Reconocer sus méritos es de recibo, pese a que deje más poso de desaliento; la exigencia, como alguien me dijo, es una palabra que hace daño para un lado y para otro y esa exigencia de equipo hecho de retales con futbolistas descartados, presupuesto limitado y paso silencioso, arrollando sin hacer ruido las quiero yo en mi equipo, donde los propósitos repetidos solo consiguieron que a cambio acabásemos mirándonos en su clasificación europea, como justo premio a una temporada brillante. Me alegro por ellos aunque me sienta como la novia que se quedó plantada, como el sobresaliente de tu compañera de clase, la que hacía tu mismo examen con la diferencia de haberlo preparado a conciencia durante meses y tú te quedabas suspendiendo el curso con un decimoquinto puesto en la tabla.

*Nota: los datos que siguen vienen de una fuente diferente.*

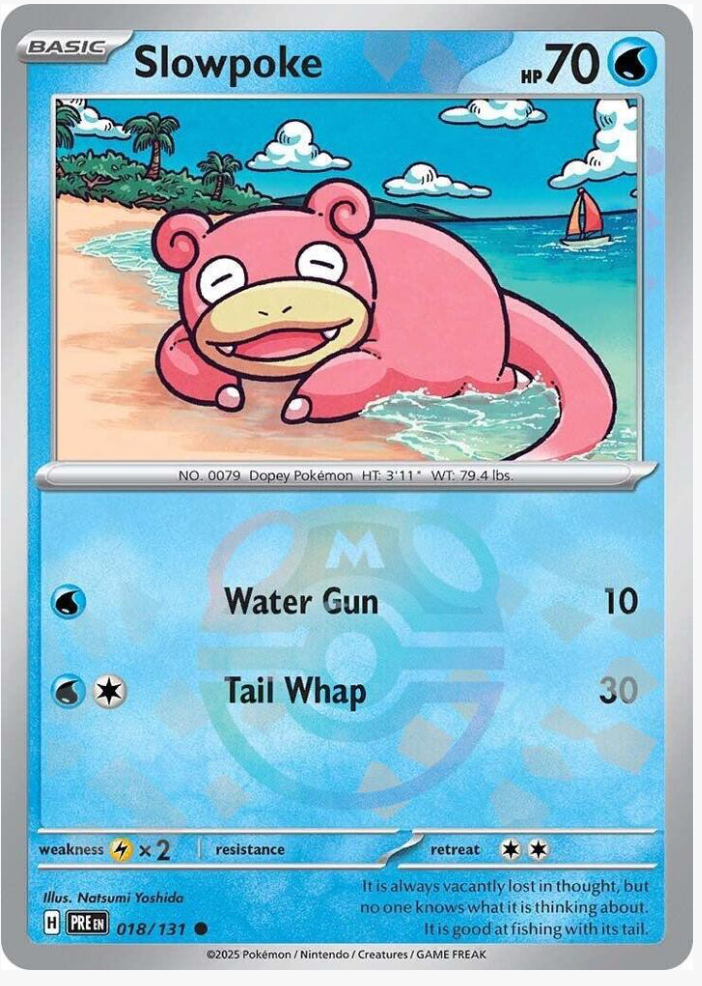 Slowpoke Master Ball 018/131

No pienso volver a la desilusión, ni a lo que se le esperaba de aquellos futbolistas que a cambio no dieron ni el beneficio de la duda dejando a cambio el arranque de un borrón y cuenta nueva que solo sabe a fracaso, ni el amargo pudo ser y no fue, ni las palabras vacías y edulcoradas de los dirigentes que solo dejaron despropósito. Hoy solo puedo hablar de la rivalidad, la entendida con respeto, la que trae enseñanzas, la reivindicación de lo nuestro y el reconocimiento al contrario, por ello pese a que no recuerde las gestas de Biri Biri, ni haya sido consciente de que ni su color ni su religión fuesen un hándicap para la España franquista, ni que acabase siendo Ministro de Deportes en Gambia, para mí es el símbolo de la tolerancia antirracista, quien un domingo de ascensos y descensos se convirtió en mito, dejando su nombre ondeando en el aire de esta ciudad dual que late a dos colores.

Necesito la rivalidad para crecer, para aprender y así atraer la exigencia de mi lado y poder volver a hablar de victorias con corazón, de lucha y de coraje, sin que sean Edgar y su gol ante el Utrera quienes disfracen de mínima alegría la realidad de otra temporada más para el olvido.